- DVD cover
- Directed by: Jeroen Krabbé
- Written by: Edwin de Vries
- Based on: The Shovel and the Loom by Carl Friedman
- Produced by: Ate de Jong; Hans Pos; Dave Schram;
- Starring: Isabella Rossellini Laura Fraser Adam Monty Jeroen Krabbé
- Cinematography: Walther Vanden Ende
- Edited by: Edgar Burcksen
- Music by: Henny Vrienten
- Production companies: Shooting Star Filmcompany Flying Dutchman Productions VARA
- Distributed by: PolyGram Filmed Entertainment
- Release date: 30 March 1998;
- Running time: 100 minutes
- Country: Netherlands
- Languages: English, Hebrew, Yiddish

= Left Luggage (film) =

1998 Dutch drama film

Left Luggage is a 1998 Dutch drama film directed by Jeroen Krabbé.

==Plot==
While escaping Nazis during World War II, a Jewish man buries in the ground two suitcases full of things dear to his heart. The war deprived him of his family and afterwards he endlessly turns over the soil of Antwerp to find the suitcases. It's an obsessive compulsion. He keeps checking old maps and keeps digging, trying to find what he lost.
His daughter Chaya is a beautiful, modern girl looking for a part-time job. She finds a place as a nanny in a strictly observant Hasidic family with many children, although her secular manners clearly fly in the face of their beliefs. One of the reasons she is accepted is that the mother of the family is absolutely overburdened by the household, so Chaya stays despite the resistance of the father, who is normally the indisputable authority in the family.

She develops a special bond with the youngest of the boys, four-year-old Simcha, who seems incapable of speaking. While walking in the park she encourages him to speak and it appears that, after some coaching from Chaya (who needs coaching herself), during the upcoming Passover Seder Simcha will be able to chant the section of the Haggadah usually reserved for the youngest speaking participant—the Four Questions.

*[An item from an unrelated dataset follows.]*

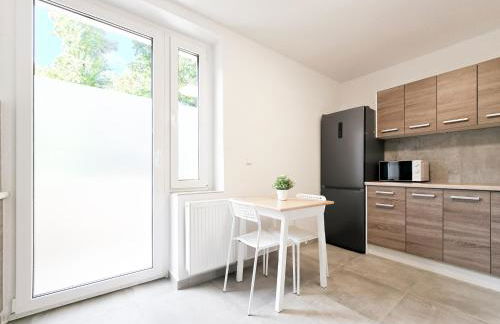 Tolstov Apartments - Monteurwohnungen mit 3 Zimmern , Balkon und Parkplatz - Photo 4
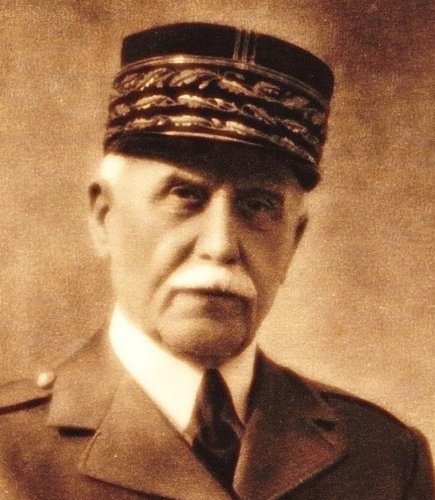 Fotografía de Pétain similar a la usada por Jules Piel para el diseño de su sello de 1941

At first, Simcha's nerves prevent him from chanting, and his brothers begin to chant instead. Simcha finally lifts his voice. The entire family, including Chaya, applauds his efforts, but his judgmental father does not recognize this great step but, instead, criticizes the boy for a mistake. Chaya confronts the father and, in the process, discovers his own pain as a Holocaust survivor and begins to understand her own parents' grief.

The antisemitic superintendent of the building is a constant problem for the entire family and now for Chaya. However, as opposed to the observant Jews, she refuses to be a victim and does not put up with his antisemitic tricks. She fights him, thus exciting the children's admiration and father's wrath.

Unfortunately, walks with Simcha end in a tragedy: after sneaking to the park, he drowns in the pond while chasing the ducks he loved so much. Some in the community hold Chaya responsible for his death. However, in a scene where Chaya goes to the family's mourning service, the mother feels compassion for Chaya and realizes that Chaya felt a deep connection with Simcha. As an act of acceptance, his mother rips Chaya's shirt, which is a sign of a mourner (a sibling, parent, child or spouse of the deceased) in Jewish tradition.

The boy's father finally, albeit silently, acknowledges Chaya's connection with Simcha when she observes the graveside service.

Chaya's experience allows her to finally accept her parents' past and to embrace her own Jewishness.

The film is a commentary not only on external (gentile) antisemitism, but also on the lack of connection and self-acceptance of assimilated Jews.

==Cast==
- Laura Fraser as Chaya Silberschmidt
- Adam Monty as Simcha Kalman
- Isabella Rossellini as Mrs. Kalman
- Jeroen Krabbé as Mr. Kalman
- Chaim Topol as Yacov Apfelschnitt
- Marianne Sägebrecht as Mrs. Silberschmidt
- Maximilian Schell as Mr. Silberschmidt
  - Koen De Bouw as Mr. Silberschmidt (at age of 20)
- David Bradley - Concierge
- Heather Weeks as Sofie
- Miriam Margolyes as Mrs. Goldman
- Lex Goudsmit as Mr. Goldman

==Awards==
The film was entered into the 48th Berlin International Film Festival, where the film won the Blue Angel Award and Isabella Rossellini won an Honourable Mention.